Developing the ability to adapt mindsets when encountering diversity and differences

Intercultural competence is vital for developing the knowledge, skills, behaviours, and dispositions for recognizing and countering implicit biases and racism in our institutions.

Understanding and navigating the complex interactions of our backgrounds, experiences, perspectives, and contexts is a highly developed skill necessary for recognizing the values, beliefs and behaviours held by ourselves and others.

The universality of intercultural competence allows for addressing—in all contexts—non-dominant racial and cultural groups and the resulting bias and discrimination.

Join fellow international school and university professionals for this interactive workshop. Collaborate and build your understanding of intercultural competence and its role in tackling racism and creating equity.

You can expect to:
  • understand Intercultural competence as a concept and as a process
  • explore how intercultural competence assists in navigating diversity and differences towards achieving equitable schools and universities
  • learn about what occurs when we encounter diversity and differences
  • apply strategies to develop intercultural competence in your school or university

Also in this series:
Build on your learning by joining the two other workshops in this Tackling Racism Series that focus on Addressing Implicit Bias and Establishing Structures and Systems and Promote Equity.

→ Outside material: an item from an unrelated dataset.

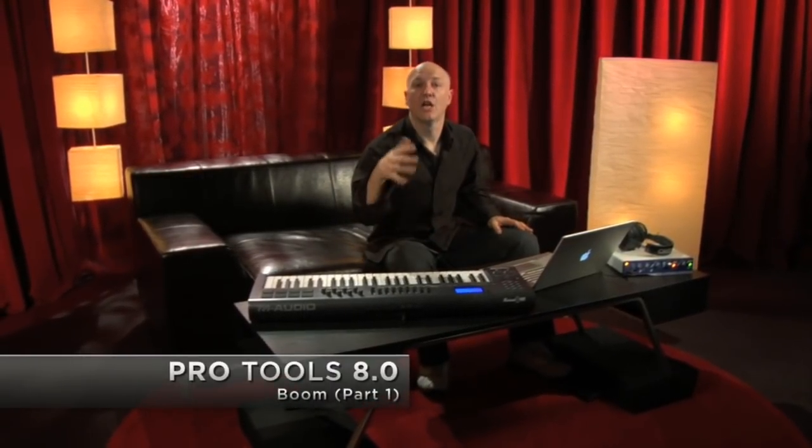The new version of Pro Tools 8 comes with an incredible collection of virtual instruments, loops, and processing plugins, and they're all part of the creative collection.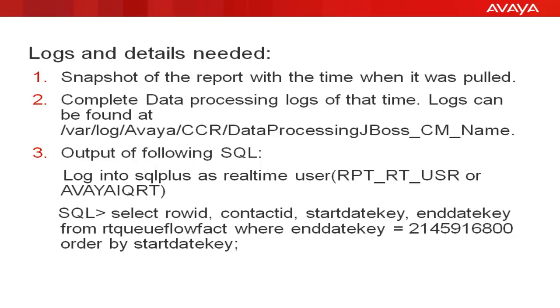What logs will be needed for dealing with such issues? A snapshot of the report with the time when it was pulled, complete data processing logs of that time. Logs can be found at /var/log/Avaya/CCR/DataProcessing.JBoss_CM_Name and output of the following SQL query.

Take-aways from previous participants:

Make this part of the CIS accreditation process (apologies if it already is)—especially hiring practices. Our teachers and admin need to better represent our students.

Good to know: Inclusion via diversity, equity and anti-racism does form a part of the CIS International Accreditation process. Member schools can log in to the CIS Community portal to learn more about it.

It was really helpful learning how to create safe spaces for open and honest dialog on an even playing field where people can share their experiences and beliefs and be open to clarification and feedback.

We will use the intercultural continuum exercise to explore where we view ourselves individually and collectively on our journey to a more conscious engagement with developing intercultural fluency.

There’s a general need for more leaders to be trained. Really liked definitions of DEI that were shared.

Individual voices are so important ... and the hierarchy in any institution and its role was highlighted which was quite relatable. some interesting resources were shared. Overall, it was a good experience to learn the in a short period of time.